• [Task goal] Copy word for word the lines in the records below, starting at the line with "ASMR BINAURAL - Pincéis" and ending at the line with "香港-2020:由上往下的拉美尔海峡及货柜码头 — 图库视频影像". Skip the pictures.

── Data section ──

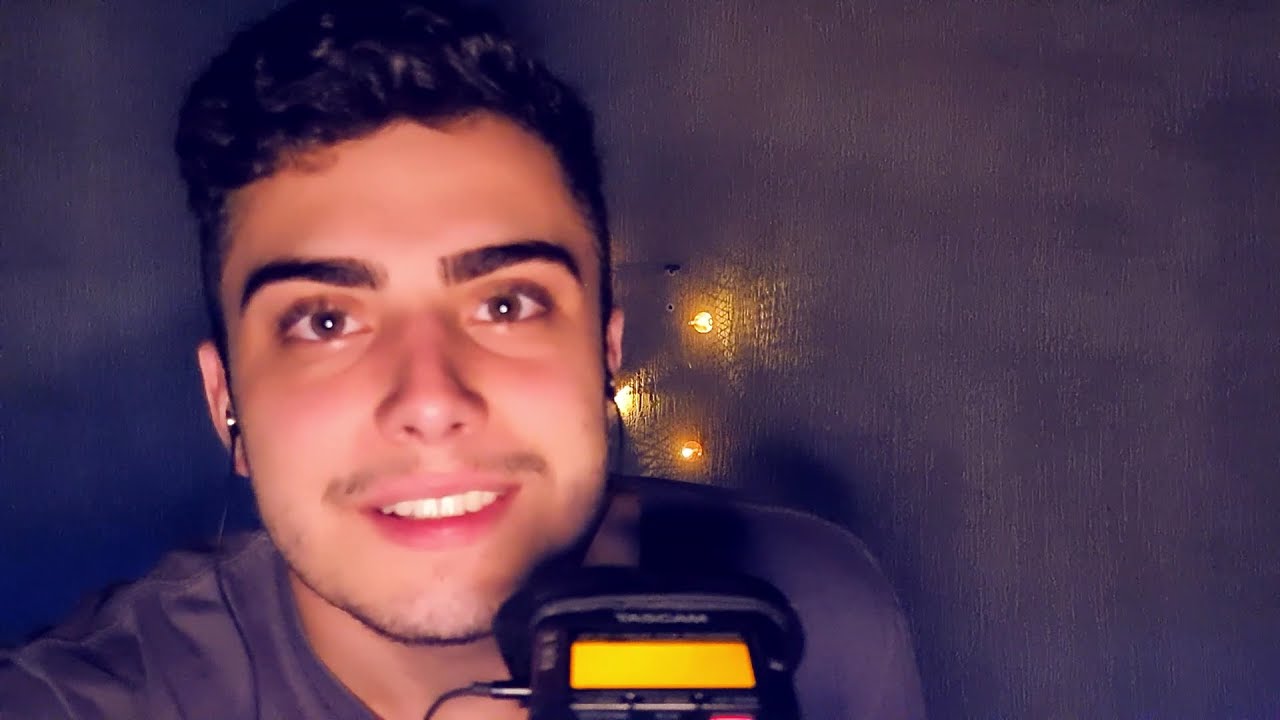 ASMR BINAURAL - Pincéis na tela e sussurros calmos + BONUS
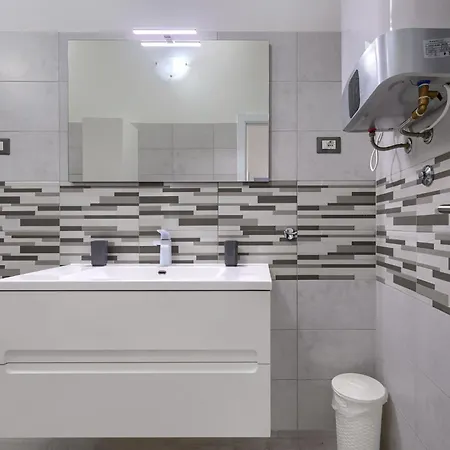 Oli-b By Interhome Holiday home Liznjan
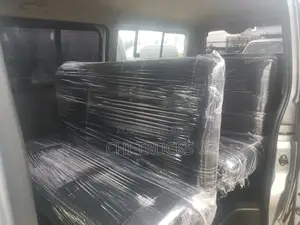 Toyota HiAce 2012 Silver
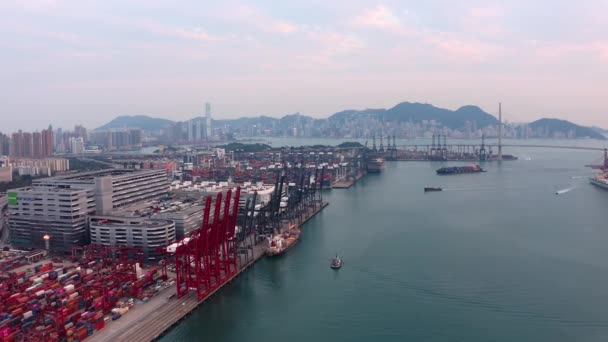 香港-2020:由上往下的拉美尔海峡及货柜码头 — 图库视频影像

───
── Data section ──

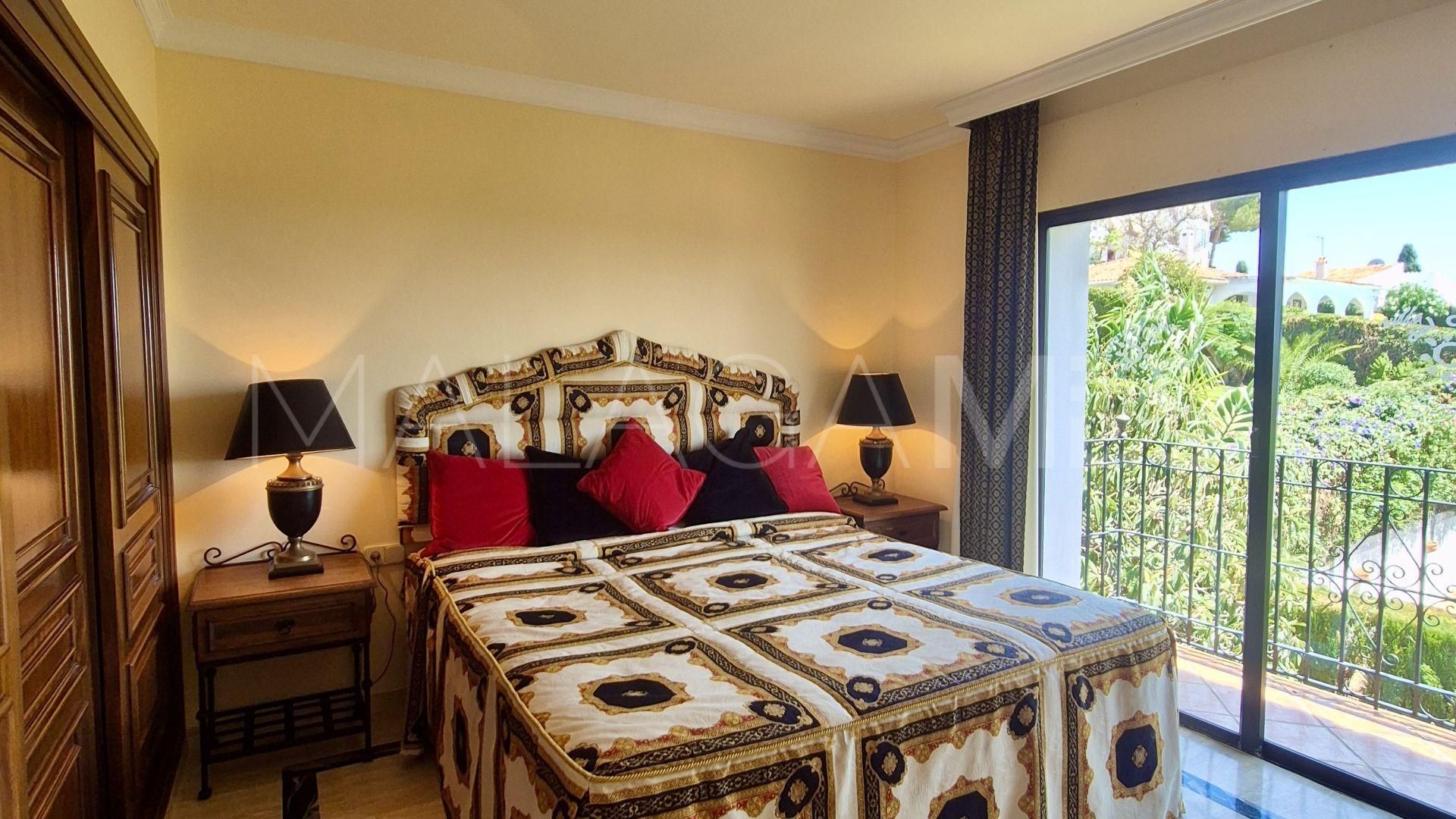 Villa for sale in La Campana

───
── Data section ──

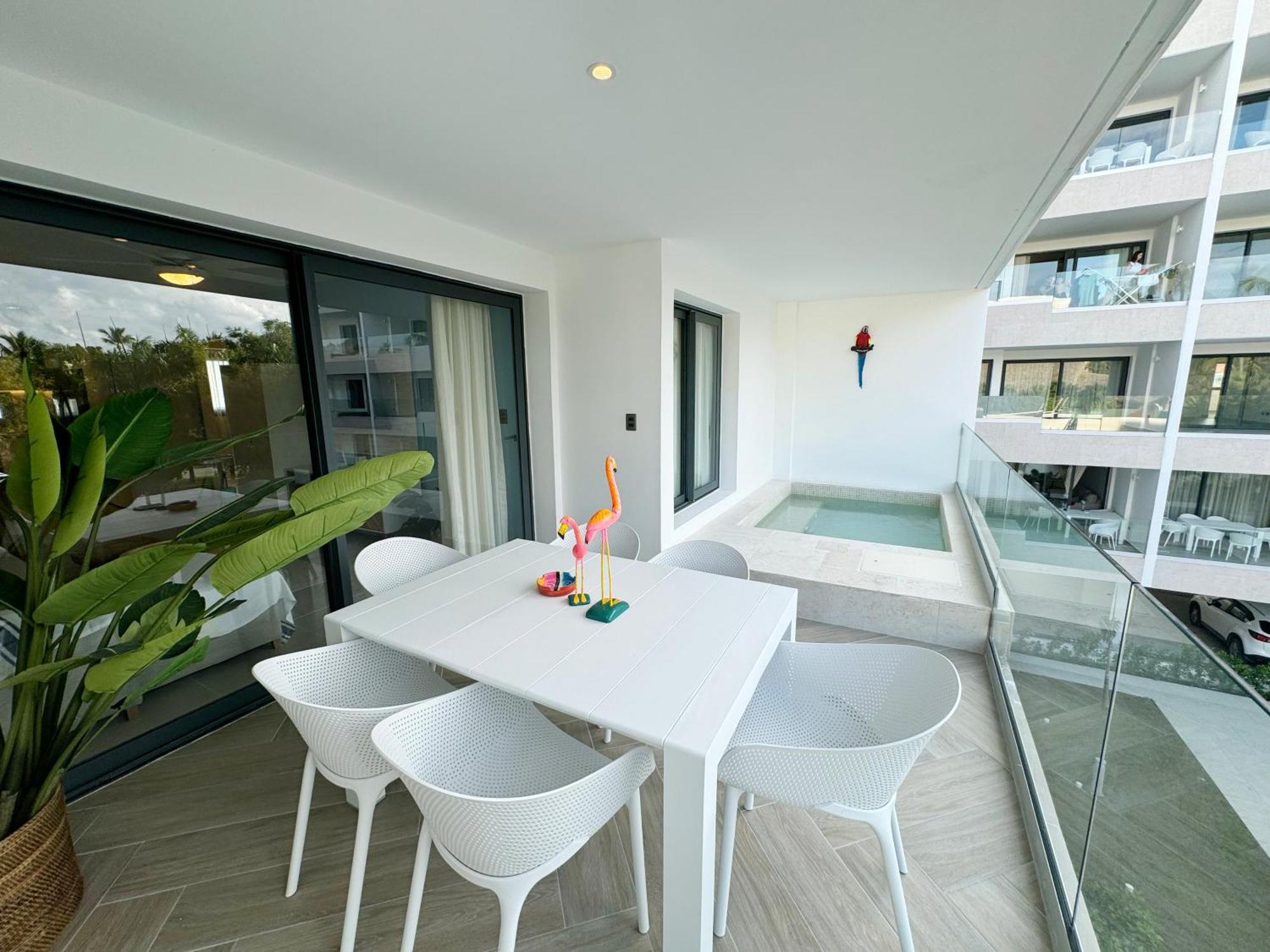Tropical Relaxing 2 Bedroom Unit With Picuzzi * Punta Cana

───

• [Answer below]
 ASMR BINAURAL - Pincéis na tela e sussurros calmos + BONUS
 Oli-b By Interhome Holiday home Liznjan
 Toyota HiAce 2012 Silver
 香港-2020:由上往下的拉美尔海峡及货柜码头 — 图库视频影像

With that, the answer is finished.